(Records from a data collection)
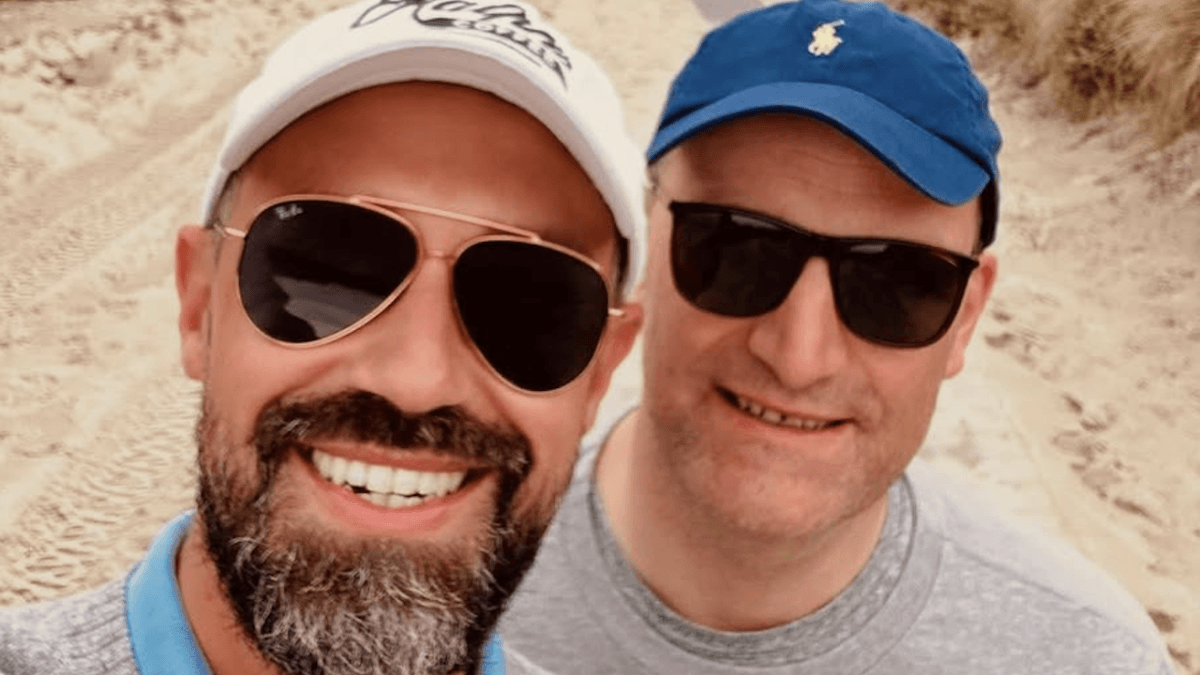Jens Spahn, di destra, gay e ora padre con quella GPA che il suo partito condanna. Sarà cancelliere tedesco? - Jens Spahn e marito 1 - Gay.it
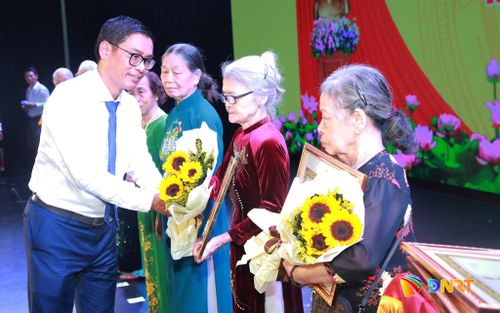 Bí thư Đảng ủy phường An Hải Phùng Phú Phong trao Huy hiệu Đảng cho các đảng viên 60 năm tuổi Đảng. Ảnh: ĐẮC MẠNH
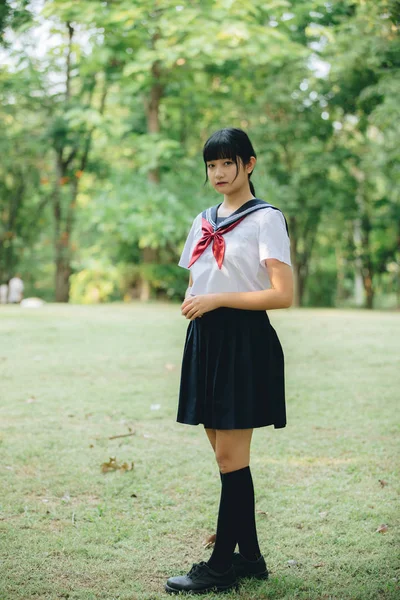 Ritratto Asiatica Giapponese Scuola Ragazza Costume Guardando Parco All Aperto — Foto Stock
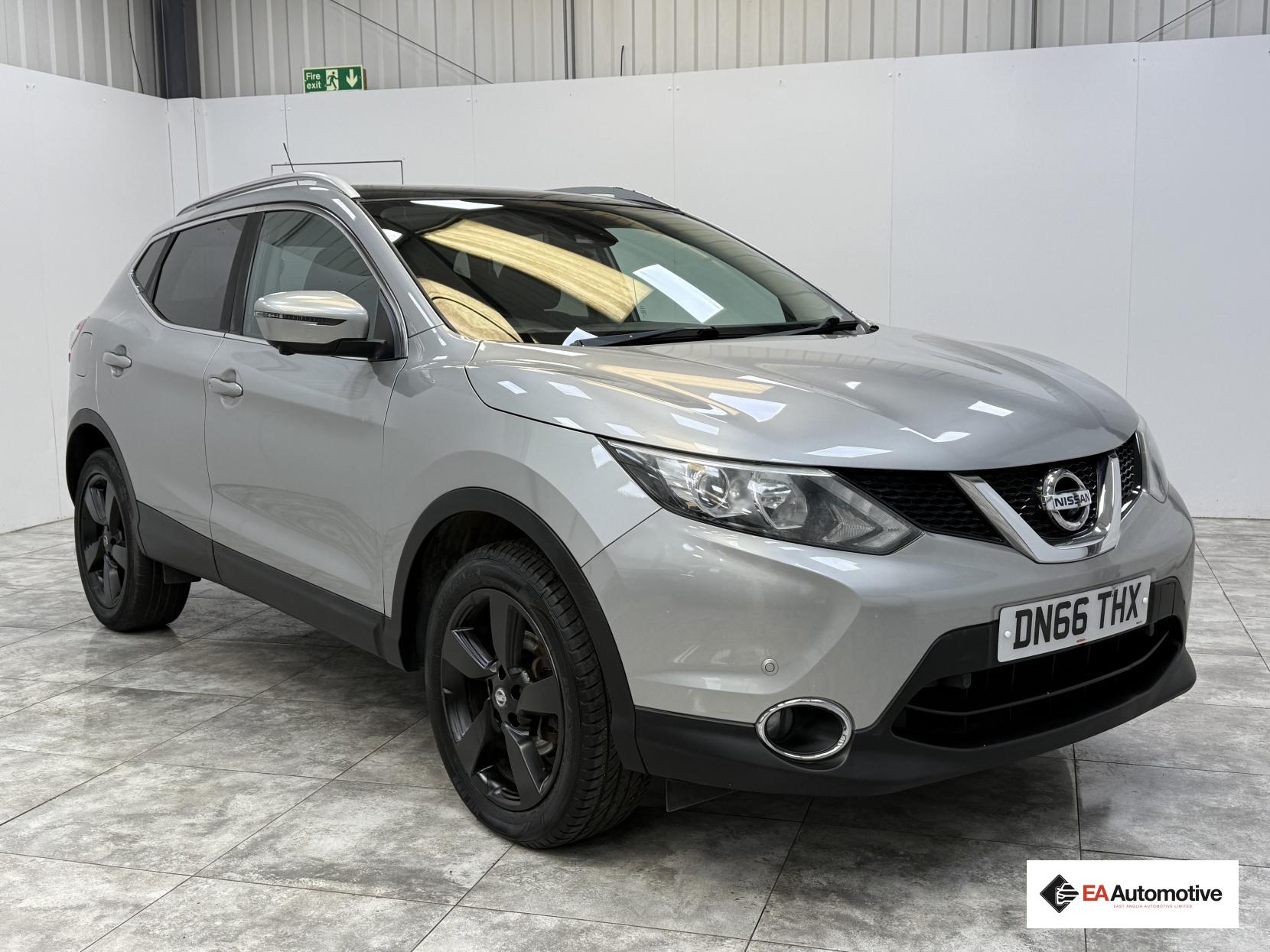Nissan Qashqai 1.5 dCi N-Connecta SUV 5dr Diesel Manual 2WD Euro 6 (s/s) (110 ps)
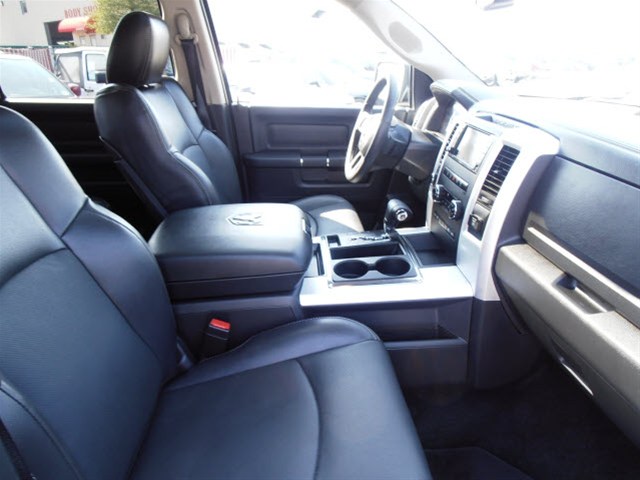 RAM Ram Pickup 2012 photo 1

# AIM OF THE TASK:
Please return only the lines from the one holding "Nissan Qashqai 1.5" through the end of the data, both ends included; do not copy any pictures.

# OUTPUT FOR THIS EXERCISE:
Nissan Qashqai 1.5 dCi N-Connecta SUV 5dr Diesel Manual 2WD Euro 6 (s/s) (110 ps)
 RAM Ram Pickup 2012 photo 1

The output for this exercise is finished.